The Basis Peak activity-tracking watch earned a reputation a few years ago as one of the most accurate wearables for tracking steps, heart rate, and other vital stats. So when Intel acquired Basis in 2014, it seemed like the company might be planning big things for the wearable space.
But last summer the company issued a recall for the Basis Peak due to overheating. Intel never release the watch, and disabled cloud services for the watch at the end of 2016.
Now CNBC reports the Basis team has been entirely disbanded and that Intel is pretty much done developing its own wearables, at least for now.
According to CNBC’s source, Intel eliminated 80 percent of the jobs in the Basis group in November, 2016 and shut down Basis altogether earlier this month.
While the Basis Peak wasn’t the only wearable product Intel was working on, other products were even more niche.
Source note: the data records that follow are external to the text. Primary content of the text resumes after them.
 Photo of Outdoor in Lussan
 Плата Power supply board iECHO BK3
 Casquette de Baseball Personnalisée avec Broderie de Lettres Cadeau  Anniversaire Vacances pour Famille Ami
This probably doesn’t mean Intel is entirely done with the wearable space. But the company will likely approach it much as it does most other market niches: by offering chips that can be used in gadgets produced by other companies.
Intel’s Curie modules, for example, are small, low-power solutions that combine a processor, motion sensor, Bluetooth, and other features into a compact design aimed at wearables and other tiny gadgets.
For now I’m still not convinced that there’s a lot of growth potential in the consumer-oriented smartwatch and fitness tracker space currently dominated by ARM-powered devices. So it’s not surprising to see Intel scale back its plans.
But as Google is discovering, there may still be some potential in the enterprise space, and who knows what kind of wearable gadgets we could be using in the future?